Records from a data collection

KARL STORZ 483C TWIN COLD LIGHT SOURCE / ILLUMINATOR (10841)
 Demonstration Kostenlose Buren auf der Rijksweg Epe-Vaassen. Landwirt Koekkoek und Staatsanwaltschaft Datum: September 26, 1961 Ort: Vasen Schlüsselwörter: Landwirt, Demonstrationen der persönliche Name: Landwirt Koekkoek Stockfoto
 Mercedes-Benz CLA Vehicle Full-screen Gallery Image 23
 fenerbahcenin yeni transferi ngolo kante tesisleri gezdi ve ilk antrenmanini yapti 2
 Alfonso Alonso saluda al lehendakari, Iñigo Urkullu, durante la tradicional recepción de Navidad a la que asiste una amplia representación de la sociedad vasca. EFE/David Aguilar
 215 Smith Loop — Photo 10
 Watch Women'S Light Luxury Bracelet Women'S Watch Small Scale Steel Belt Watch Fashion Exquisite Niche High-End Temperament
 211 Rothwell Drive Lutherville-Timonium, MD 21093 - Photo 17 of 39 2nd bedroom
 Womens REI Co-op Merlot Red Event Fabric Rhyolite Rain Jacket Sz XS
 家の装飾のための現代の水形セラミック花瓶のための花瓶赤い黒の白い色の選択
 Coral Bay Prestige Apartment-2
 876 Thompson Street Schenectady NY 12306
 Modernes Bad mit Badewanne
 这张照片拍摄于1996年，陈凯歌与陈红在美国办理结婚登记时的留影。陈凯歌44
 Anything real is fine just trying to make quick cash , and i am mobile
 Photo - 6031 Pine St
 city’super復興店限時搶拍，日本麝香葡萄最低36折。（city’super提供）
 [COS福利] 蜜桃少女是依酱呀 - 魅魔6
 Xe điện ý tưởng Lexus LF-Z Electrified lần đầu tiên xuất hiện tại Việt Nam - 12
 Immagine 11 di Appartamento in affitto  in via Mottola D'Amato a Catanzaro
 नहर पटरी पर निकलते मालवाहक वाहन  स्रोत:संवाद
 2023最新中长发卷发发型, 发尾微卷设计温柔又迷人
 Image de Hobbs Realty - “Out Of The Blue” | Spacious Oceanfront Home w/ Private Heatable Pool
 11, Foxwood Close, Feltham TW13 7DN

- _WHAT THE TASK ASKS_
Tally up the lines holding the word "Photo" in the data above, and answer with that figure only.

- _OUTPUT BELOW_
3